I got this question wrong, but figured it out. This is a concept of fat soluble vs. water soluble drugs. Let's define the two different axis first. Your x axis is time, your y axis is plasma. Plasma is mostly composed of water, so your in a water soluble environment.
Great. Now we have two graphs, a normal patient who's curve goes upwards and at hits the y axis in a faster time period. Then we have an obese patient who's graph is linear. It takes longer to hit the same spot on the y axis. This makes sense, because the obese patient carries more fat. Fat does not mix with water, so it's going to take longer to reach same point in the plasma.
So the answer is volume of distribution, let's talk about normal first. The normal VOD is 41 L and is composed of plasma volume (3-5L) + interstitial volume (14-16L) + cellular volume (remainder). Volume of distribution is how much of the drug is present in all three of these components. So if a patient is obese, most of the drug will be in the cellular volume (fat area), then in the interstitial volume, and a portion will be in the plasma volume. He will have a higher VOD than a normal patient, but less in the plasma component.
The matching Uworld question is Q1710, and they just flipped it, asking about a patient having a drug with a VOD of 4.5L (which is low) and asking what properties does it have? The first 3-5L is in the plasma. Plasma is water soluble or highly charged (which is the answer). The explanation has the all the VOD info I provided above.
transposony the great, if you could chime in on this please, kaplan states steady state is irrespective of dosing size and frequency, i understand size, but why frequency? ie if i gave a patient a dose at every t1/2, for example 100 after every 4 hours, but on the 3rd dose, i gave 100 mg, but i gave it after 2 hours instead of 4 hours, wont i reach steady state quicker?Those are two entirely different concepts:
1st one is about maintenance dose where the steady state is reached for that particular dose depending on the half life.

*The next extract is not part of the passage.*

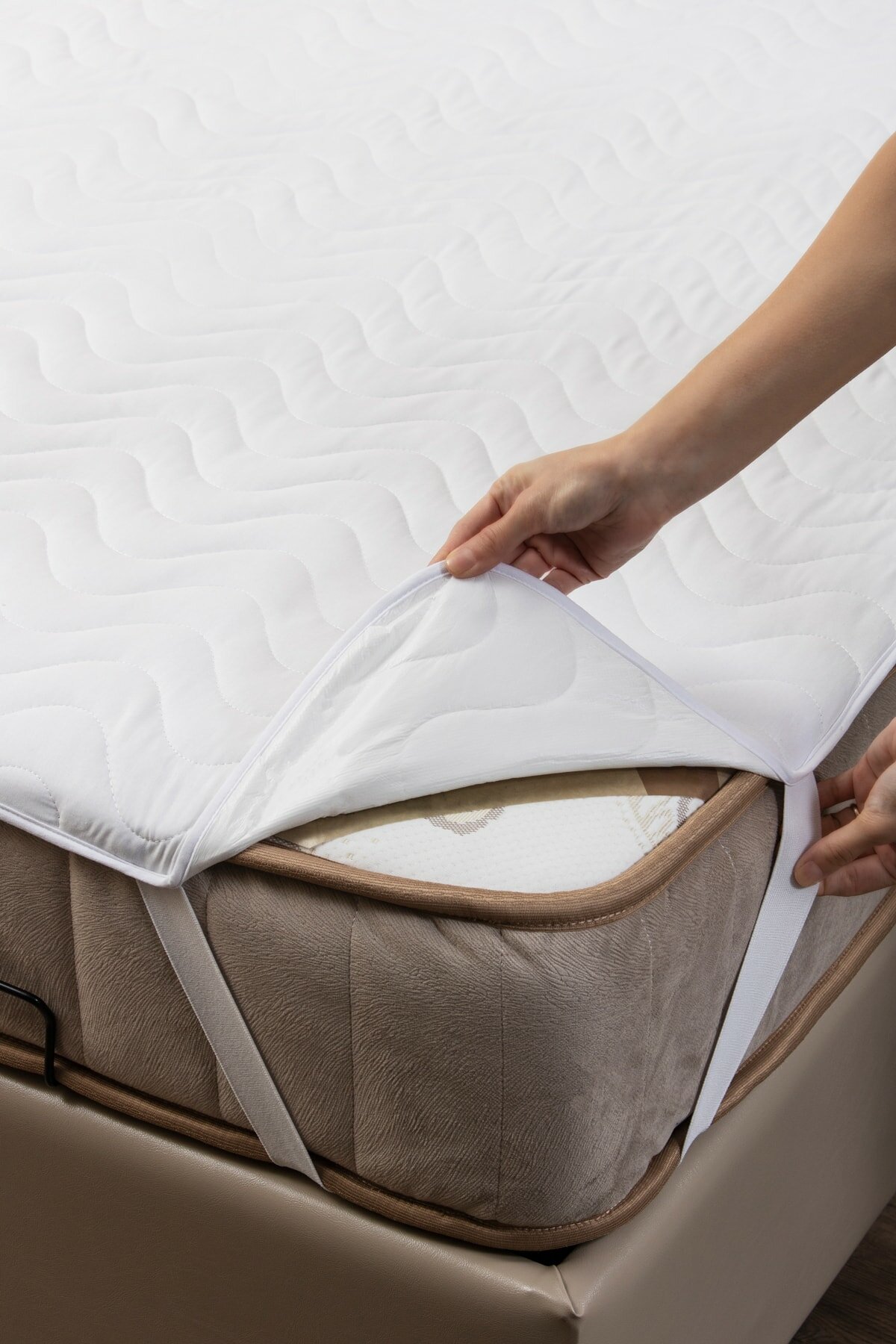 Quilted Single Mattress Protector Liquid Proof Mattress Cover (100 x 200)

2nd one is about loading dose where the whole idea is about reaching steady state quicker.
If you look at the equations for maintenance dose and loading dose you will note that:
1. Maintenance dose depends on the clearance and
2. Loading dose depends on the VoD.
This makes sense since maintenance dose (amount you put in) will depend on amount which is eliminated as compared to loading dose where distribution of drug in body will determine it's concentration.